Sementara, inflasi inti, yang tidak menghitung kenaikan pada harga makanan dan energi mencapai 6,2%, juga lebih tinggi dari perkiraaan 6%. Namun, ini masih lebih rendah dari realisasi bulan sebelumnya 6,5%.
Harga energi secara bulanan mencatat deflasi 2,7% terutama karena penurunan 6,1% pada harga bensin. Tetapi secara tahunan, harga energi masih mencatat inflasi tinggi 30,3%. Sementara harga makanan tetap naik secara bulanan sebesar 0,9%, tidak setinggi bulan sebelumnya 1%. Inflasi harga pangan secara tahunan sebesar 8,3%.

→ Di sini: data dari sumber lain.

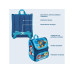 Scooli Rucksack Cutie Paw Patrol 6.5 l
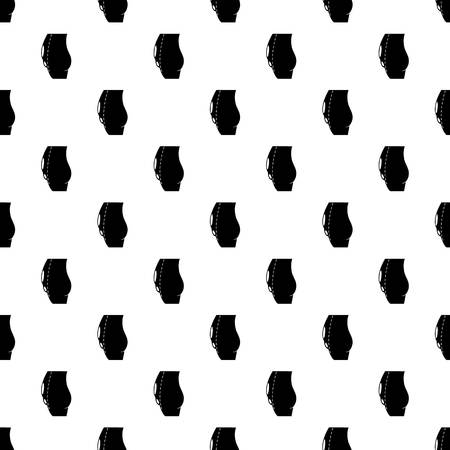 Intuition beim Kartenlegen: Die unsichtbare Kraft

"Kami mulai melihat energi turun sedikit, tetapi itu tidak cukup. Pasar mengharapkan angka yang lebih baik dan itu tidak cukup baik untuk mengesampingkan lebih banyak pengetatan Fed," kata kepala strategi pendapatan tetap di Charles Schwab Kathy Jones seperti dikutip dari CNBC Internasional, Kamis (12/5).
Namun, kekhawatiran terutama pada kenaikan biaya hunian masih berlanjut. Komponen ini membentuk sekitar sepertiga dari bobot inflasi konsumen secara keseluruhan. Inflasi pada sektor hunian sevesar 0,5% secara bulanan, konsisten dalam tiga bulan berturut-turut. Secmantara secara tahunan naik 5,1% atau tertinggi sejak April 1991.